In the OS, all calls to sem_wait() changed to nxsem_wait(). nxsem_wait() does not return errors via errno so each place where nxsem_wait() is now called must not examine the errno variable.
In all OS functions (not libraries), change sem_wait() to nxsem_wait(). This will prevent the OS from creating bogus cancellation points and from modifying the per-task errno variable.
sched/semaphore: Add the function nxsem_wait(). This is a new internal OS interface. It is functionally equivalent to sem_wait() except that (1) it is not a cancellation point, and (2) it does not set the per-thread errno value on return.
sched/semaphore: Add nxsem_post() which is identical to sem_post() except that it never modifies the errno variable. Changed all references to sem_post in the OS to nxsem_post().
sched/semaphore: Add nxsem_destroy() which is identical to sem_destroy() except that it never modifies the errno variable. Changed all references to sem_destroy() in the OS to nxsem_destroy().
libc/semaphore and sched/semaphore: Add nxsem_getprotocol() and nxsem_setprotocola which are identical to sem_getprotocol() and set_setprotocol() except that they never modifies the errno variable. Changed all references to sem_setprotocol in the OS to nxsem_setprotocol(). sem_getprotocol() was not used in the OS
libc/semaphore: Add nxsem_getvalue() which is identical to sem_getvalue() except that it never modifies the errno variable. Changed all references to sem_getvalue in the OS to nxsem_getvalue().

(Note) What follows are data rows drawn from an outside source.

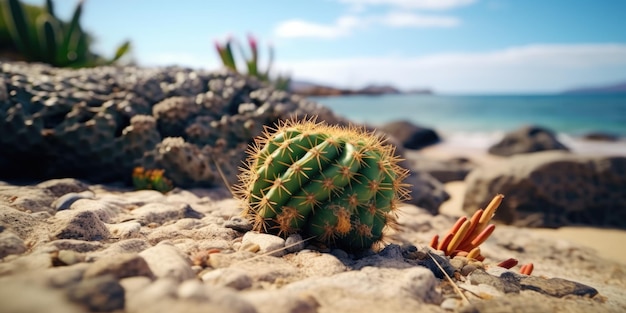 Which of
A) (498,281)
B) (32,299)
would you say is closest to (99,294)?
(32,299)

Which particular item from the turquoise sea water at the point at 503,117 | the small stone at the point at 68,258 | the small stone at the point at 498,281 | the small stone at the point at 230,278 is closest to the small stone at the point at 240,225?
the small stone at the point at 230,278

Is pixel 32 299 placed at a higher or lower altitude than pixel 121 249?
higher

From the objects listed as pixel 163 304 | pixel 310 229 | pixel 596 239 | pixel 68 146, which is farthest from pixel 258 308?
pixel 596 239

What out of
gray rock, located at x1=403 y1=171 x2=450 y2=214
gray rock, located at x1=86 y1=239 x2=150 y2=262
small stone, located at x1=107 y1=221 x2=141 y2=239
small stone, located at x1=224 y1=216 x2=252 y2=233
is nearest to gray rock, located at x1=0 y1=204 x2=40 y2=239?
small stone, located at x1=107 y1=221 x2=141 y2=239

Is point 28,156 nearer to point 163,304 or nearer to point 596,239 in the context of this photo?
point 163,304

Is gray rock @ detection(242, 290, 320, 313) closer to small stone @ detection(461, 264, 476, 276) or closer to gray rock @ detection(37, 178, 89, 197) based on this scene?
small stone @ detection(461, 264, 476, 276)

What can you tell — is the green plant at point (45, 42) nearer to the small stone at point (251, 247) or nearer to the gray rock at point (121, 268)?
the small stone at point (251, 247)

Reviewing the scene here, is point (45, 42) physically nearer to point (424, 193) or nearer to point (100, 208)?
point (100, 208) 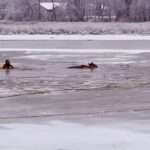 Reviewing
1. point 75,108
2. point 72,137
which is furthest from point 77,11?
point 72,137

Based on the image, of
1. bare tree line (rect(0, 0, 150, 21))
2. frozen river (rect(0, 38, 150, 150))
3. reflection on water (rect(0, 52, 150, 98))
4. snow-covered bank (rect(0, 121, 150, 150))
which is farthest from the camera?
bare tree line (rect(0, 0, 150, 21))

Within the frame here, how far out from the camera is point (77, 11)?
7388 cm

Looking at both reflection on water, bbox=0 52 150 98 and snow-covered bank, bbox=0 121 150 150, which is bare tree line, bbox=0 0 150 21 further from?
snow-covered bank, bbox=0 121 150 150

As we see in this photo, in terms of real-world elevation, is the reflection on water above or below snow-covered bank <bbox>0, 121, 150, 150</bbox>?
above

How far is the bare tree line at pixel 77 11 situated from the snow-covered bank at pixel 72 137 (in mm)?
57780

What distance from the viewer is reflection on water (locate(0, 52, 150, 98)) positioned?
44.3 feet

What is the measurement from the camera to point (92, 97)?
38.9 ft

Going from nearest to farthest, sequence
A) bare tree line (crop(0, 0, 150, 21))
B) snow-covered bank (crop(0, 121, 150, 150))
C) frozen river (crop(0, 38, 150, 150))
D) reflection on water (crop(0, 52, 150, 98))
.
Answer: snow-covered bank (crop(0, 121, 150, 150))
frozen river (crop(0, 38, 150, 150))
reflection on water (crop(0, 52, 150, 98))
bare tree line (crop(0, 0, 150, 21))

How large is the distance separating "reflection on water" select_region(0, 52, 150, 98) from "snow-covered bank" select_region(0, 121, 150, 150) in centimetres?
395

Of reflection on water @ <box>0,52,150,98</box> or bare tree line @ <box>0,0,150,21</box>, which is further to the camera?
bare tree line @ <box>0,0,150,21</box>

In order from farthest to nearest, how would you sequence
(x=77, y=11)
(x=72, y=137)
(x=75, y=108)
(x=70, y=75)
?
1. (x=77, y=11)
2. (x=70, y=75)
3. (x=75, y=108)
4. (x=72, y=137)

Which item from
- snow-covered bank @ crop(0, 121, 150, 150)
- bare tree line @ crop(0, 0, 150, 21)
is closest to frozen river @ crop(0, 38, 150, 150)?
snow-covered bank @ crop(0, 121, 150, 150)

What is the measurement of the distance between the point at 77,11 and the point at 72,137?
66731 mm

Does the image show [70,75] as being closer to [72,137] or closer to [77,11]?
[72,137] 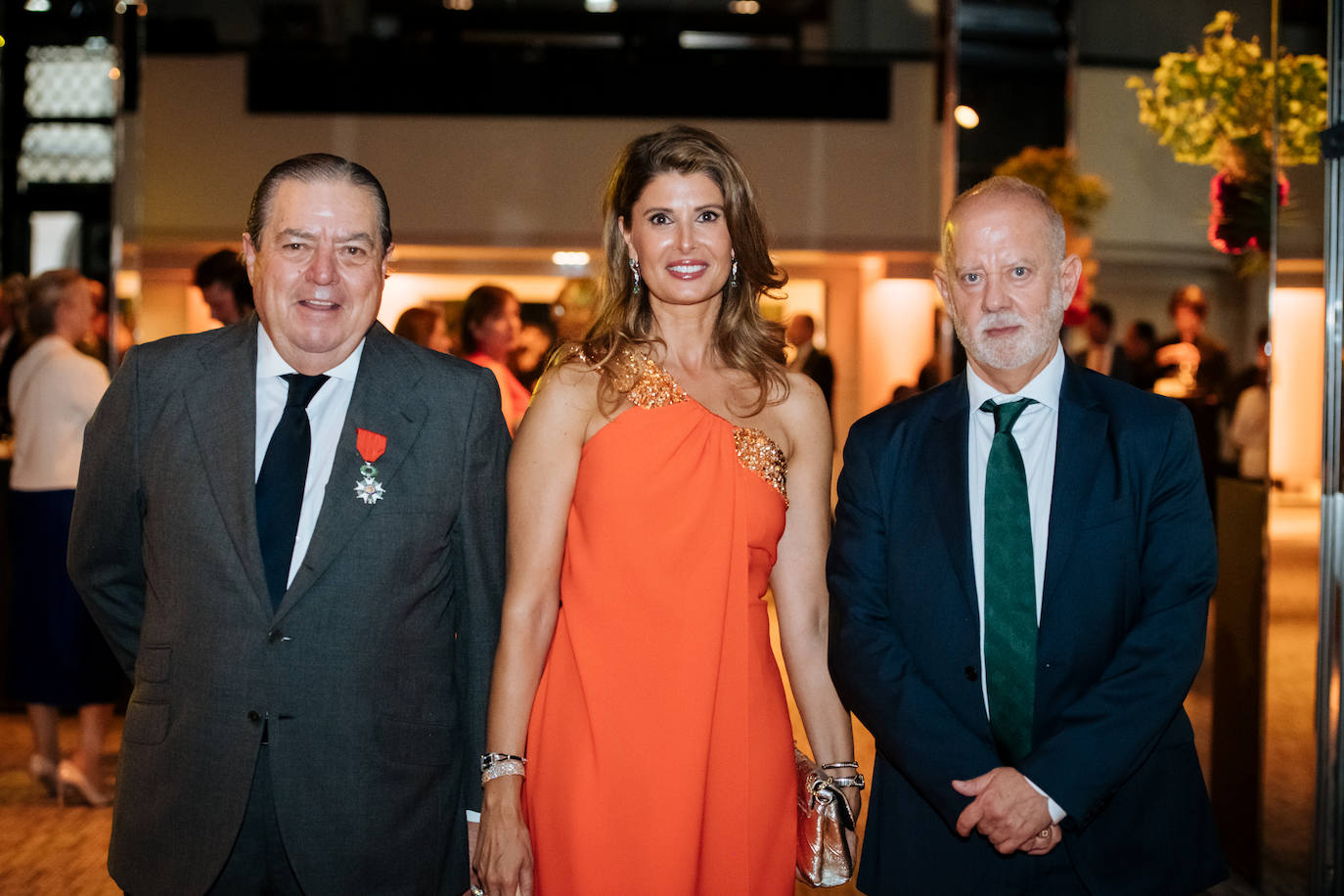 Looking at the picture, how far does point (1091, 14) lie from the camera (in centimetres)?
773

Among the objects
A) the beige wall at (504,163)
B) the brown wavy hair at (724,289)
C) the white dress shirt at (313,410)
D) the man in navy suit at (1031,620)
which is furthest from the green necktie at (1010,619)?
the beige wall at (504,163)

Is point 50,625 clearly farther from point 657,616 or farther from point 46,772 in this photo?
point 657,616

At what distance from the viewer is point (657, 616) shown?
207cm

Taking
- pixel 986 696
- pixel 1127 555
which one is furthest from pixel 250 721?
pixel 1127 555

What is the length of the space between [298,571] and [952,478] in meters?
1.05

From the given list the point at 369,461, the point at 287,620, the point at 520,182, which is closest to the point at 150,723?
the point at 287,620

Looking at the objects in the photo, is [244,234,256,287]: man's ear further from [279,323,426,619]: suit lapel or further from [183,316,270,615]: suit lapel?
[279,323,426,619]: suit lapel

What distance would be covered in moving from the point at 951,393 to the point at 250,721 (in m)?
1.26

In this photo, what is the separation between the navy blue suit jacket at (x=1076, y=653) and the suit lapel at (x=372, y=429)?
0.76 meters

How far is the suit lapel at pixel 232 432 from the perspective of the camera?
181 cm

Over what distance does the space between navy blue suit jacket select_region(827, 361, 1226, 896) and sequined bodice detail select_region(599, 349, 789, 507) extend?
0.67ft

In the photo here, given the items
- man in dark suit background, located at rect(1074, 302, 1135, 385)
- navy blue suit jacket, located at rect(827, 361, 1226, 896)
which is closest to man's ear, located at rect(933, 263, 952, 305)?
navy blue suit jacket, located at rect(827, 361, 1226, 896)

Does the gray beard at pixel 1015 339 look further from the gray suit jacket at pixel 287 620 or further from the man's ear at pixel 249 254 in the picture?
the man's ear at pixel 249 254

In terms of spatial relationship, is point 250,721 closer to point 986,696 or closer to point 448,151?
point 986,696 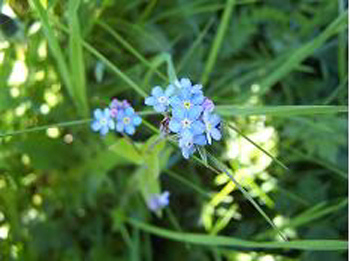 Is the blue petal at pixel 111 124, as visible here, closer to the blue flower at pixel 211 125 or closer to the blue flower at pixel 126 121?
the blue flower at pixel 126 121

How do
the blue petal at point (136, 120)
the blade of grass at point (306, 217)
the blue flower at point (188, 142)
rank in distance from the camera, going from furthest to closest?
the blade of grass at point (306, 217), the blue petal at point (136, 120), the blue flower at point (188, 142)

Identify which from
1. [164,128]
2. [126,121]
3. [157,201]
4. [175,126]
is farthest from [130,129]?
[157,201]

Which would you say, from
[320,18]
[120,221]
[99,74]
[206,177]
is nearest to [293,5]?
[320,18]

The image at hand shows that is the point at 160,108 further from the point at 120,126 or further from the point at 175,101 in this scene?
the point at 120,126

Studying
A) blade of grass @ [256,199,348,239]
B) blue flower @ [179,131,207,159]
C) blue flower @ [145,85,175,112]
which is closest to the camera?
blue flower @ [179,131,207,159]

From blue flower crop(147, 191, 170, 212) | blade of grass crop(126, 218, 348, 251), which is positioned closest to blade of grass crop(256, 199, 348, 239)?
blade of grass crop(126, 218, 348, 251)

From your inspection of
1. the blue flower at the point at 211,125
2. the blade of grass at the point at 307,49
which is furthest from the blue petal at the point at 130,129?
the blade of grass at the point at 307,49

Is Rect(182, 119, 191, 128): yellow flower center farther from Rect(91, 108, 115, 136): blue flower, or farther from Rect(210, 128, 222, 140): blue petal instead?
Rect(91, 108, 115, 136): blue flower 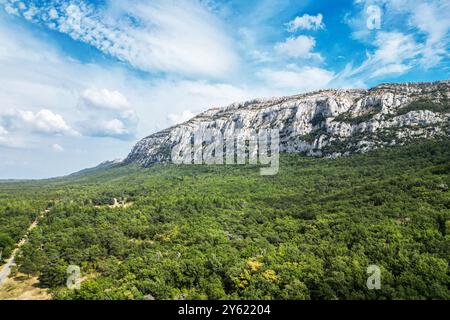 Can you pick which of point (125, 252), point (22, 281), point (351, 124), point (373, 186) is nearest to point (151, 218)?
point (125, 252)

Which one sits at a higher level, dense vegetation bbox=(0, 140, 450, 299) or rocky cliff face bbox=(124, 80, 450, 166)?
rocky cliff face bbox=(124, 80, 450, 166)

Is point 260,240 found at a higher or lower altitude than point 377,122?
lower

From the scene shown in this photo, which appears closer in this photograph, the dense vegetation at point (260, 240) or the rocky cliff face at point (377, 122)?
the dense vegetation at point (260, 240)

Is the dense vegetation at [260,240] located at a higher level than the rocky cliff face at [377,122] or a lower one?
lower

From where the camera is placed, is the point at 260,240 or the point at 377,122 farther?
the point at 377,122

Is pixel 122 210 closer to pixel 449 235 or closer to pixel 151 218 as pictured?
pixel 151 218

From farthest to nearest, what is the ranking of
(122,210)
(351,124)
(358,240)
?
(351,124), (122,210), (358,240)

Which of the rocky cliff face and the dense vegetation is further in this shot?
the rocky cliff face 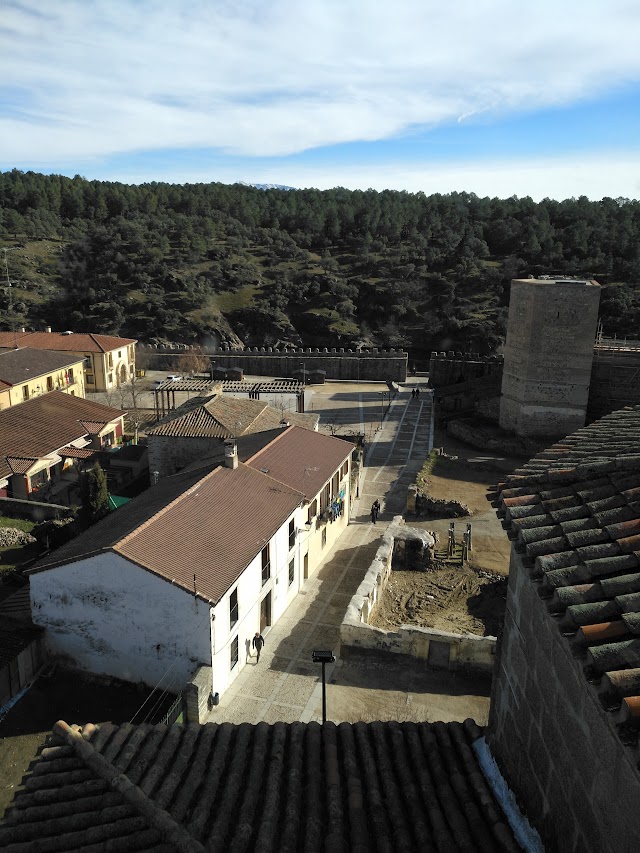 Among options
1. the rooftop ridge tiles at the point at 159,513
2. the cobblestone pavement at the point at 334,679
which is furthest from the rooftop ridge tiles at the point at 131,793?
the rooftop ridge tiles at the point at 159,513

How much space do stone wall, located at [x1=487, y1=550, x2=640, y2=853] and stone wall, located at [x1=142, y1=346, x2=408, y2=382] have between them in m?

sched/semaphore: Rename all internal private functions from sem_xyz to nxsem_xyz. The sem_ prefix is (will be) reserved only for the application semaphore interfaces.
libc/semaphore: Add nxsem_init() which is identical to sem_init() except that it never modifies the errno variable. Changed all references to sem_init in the OS to nxsem_init().
sched/semaphore: Rename sem_tickwait() to nxsem_tickwait() so that it is clear this is an internal OS function.
sched/semaphoate: Rename sem_reset() to nxsem_reset() so that it is clear this is an internal OS function.